跳到主要内容

What's New in Koordinator v0.3.0?

· 12 分钟阅读
Jason

We are happy to announce the v0.3.0 release of Koordinator. After starting small and learning what users needed, we are able to adjust its path and develop features needed for a stable community release.

The release of Koordinator v0.3.0 brings in some notable changes that are most wanted by the community while continuing to expand on experimental features.

Install or Upgrade to Koordinator v0.3.0

Install with helms

Koordinator can be simply installed by helm v3.5+, which is a simple command-line tool, and you can get it from here.

# Firstly add koordinator charts repository if you haven't do this.
$ helm repo add koordinator-sh https://koordinator-sh.github.io/charts/

# [Optional]
$ helm repo update

# Install the latest version.
$ helm install koordinator koordinator-sh/koordinator --version 0.3.0

Upgrade with helm

# Firstly add koordinator charts repository if you haven't do this.
$ helm repo add koordinator-sh https://koordinator-sh.github.io/charts/

# [Optional]
$ helm repo update

# Upgrade the latest version.
$ helm upgrade koordinator koordinator-sh/koordinator --version 0.3.0 [--force]

For more details, please refer to the installation manual.

CPU Burst

CPU Burst is a service level objective (SLO)-aware resource scheduling feature provided by Koordinator. You can use CPU Burst to improve the performance of latency-sensitive applications. CPU scheduling for a container may be throttled by the kernel due to the CPU limit, which downgrades the performance of the application. Koordlet automatically detects CPU throttling events and automatically adjusts the CPU limit to a proper value. This greatly improves the performance of latency-sensitive applications.

How CPU Burst works

Kubernetes allows you to specify CPU limits, which can be reused based on time-sharing. If you specify a CPU limit for a container, the OS limits the amount of CPU resources that can be used by the container within a specific time period. For example, you set the CPU limit of a container to 2. The OS kernel limits the CPU time slices that the container can use to 200 milliseconds within each 100-millisecond period.

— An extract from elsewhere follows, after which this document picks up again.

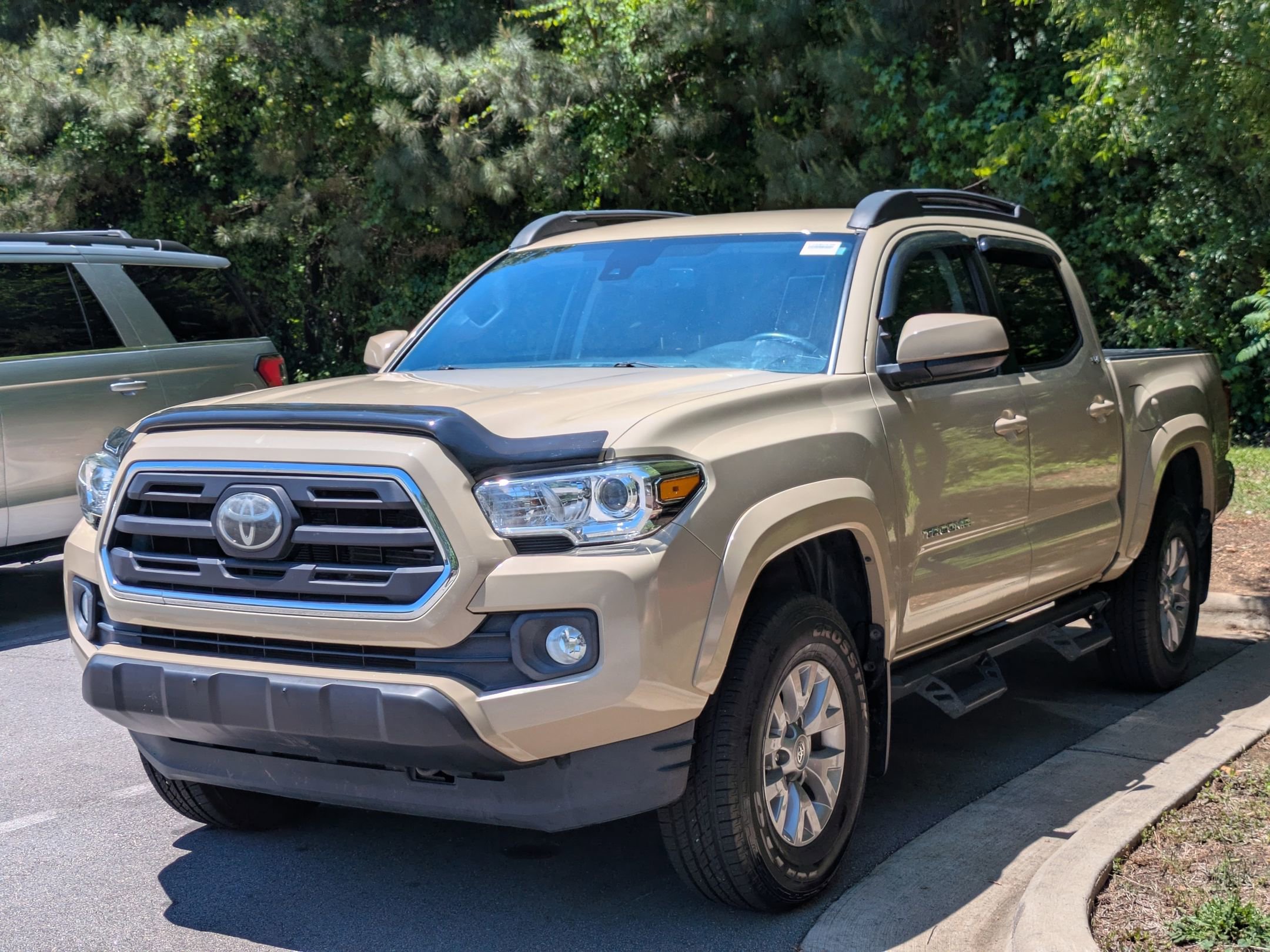 Used 2019 Toyota Tacoma SR5 RWD image 6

CPU utilization is a key metric that is used to evaluate the performance of a container. In most cases, the CPU limit is specified based on CPU utilization. CPU utilization on a per-millisecond basis shows more spikes than on a per-second basis. If the CPU utilization of a container reaches the limit within a 100-millisecond period, CPU throttling is enforced by the OS kernel and threads in the container are suspended for the rest of the time period.

How to use CPU Burst

  • Use an annotation to enable CPU Burst

    Add the following annotation to the pod configuration to enable CPU Burst:

annotations:
# Set the value to auto to enable CPU Burst for the pod.
koordinator.sh/cpuBurst: '{"policy": "auto"}'
# To disable CPU Burst for the pod, set the value to none.
#koordinator.sh/cpuBurst: '{"policy": "none"}'
  • Use a ConfigMap to enable CPU Burst for all pods in a cluster

    Modify the slo-controller-config ConfigMap based on the following content to enable CPU Burst for all pods in a cluster:

apiVersion: v1
kind: ConfigMap
metadata:
name: slo-controller-config
namespace: koordinator-system
data:
cpu-burst-config: '{"clusterStrategy": {"policy": "auto"}}'
#cpu-burst-config: '{"clusterStrategy": {"policy": "cpuBurstOnly"}}'
#cpu-burst-config: '{"clusterStrategy": {"policy": "none"}}'
  • Advanced configurations

    The following code block shows the pod annotations and ConfigMap fields that you can use for advanced configurations:

# Example of the slo-controller-config ConfigMap. 
data:
cpu-burst-config: |
{
"clusterStrategy": {
"policy": "auto",
"cpuBurstPercent": 1000,
"cfsQuotaBurstPercent": 300,
"sharePoolThresholdPercent": 50,
"cfsQuotaBurstPeriodSeconds": -1
}
}

# Example of pod annotations.
koordinator.sh/cpuBurst: '{"policy": "auto", "cpuBurstPercent": 1000, "cfsQuotaBurstPercent": 300, "cfsQuotaBurstPeriodSeconds": -1}'

The following table describes the ConfigMap fields that you can use for advanced configurations of CPU Burst.

FieldData typeDescription
policystring
  • none: disables CPU Burst. If you set the value to none, the related fields are reset to their original values. This is the default value.
  • cpuBurstOnly: enables the CPU Burst feature only for the kernel of Alibaba Cloud Linux 2.
  • cfsQuotaBurstOnly: enables automatic adjustment of CFS quotas of general kernel versions.
  • auto: enables CPU Burst and all the related features.
cpuBurstPercentintDefault value:1000. Unit: %. This field specifies the percentage to which the CPU limit can be increased by CPU Burst. If the CPU limit is set to 1, CPU Burst can increase the limit to 10 by default.
cfsQuotaBurstPercentintDefault value: 300. Unit: %. This field specifies the maximum percentage to which the value of cfs_quota in the cgroup parameters can be increased. By default, the value of cfs_quota can be increased to at most three times.
cfsQuotaBurstPeriodSecondsintDefault value: -1. Unit: seconds. This indicates that the time period in which the container can run with an increased CFS quota is unlimited. This field specifies the time period in which the container can run with an increased CFS quota, which cannot exceed the upper limit specified by cfsQuotaBurstPercent.
sharePoolThresholdPercentintDefault value: 50. Unit: %. This field specifies the CPU utilization threshold of the node. If the CPU utilization of the node exceeds the threshold, the value of cfs_quota in cgroup parameters is reset to the original value.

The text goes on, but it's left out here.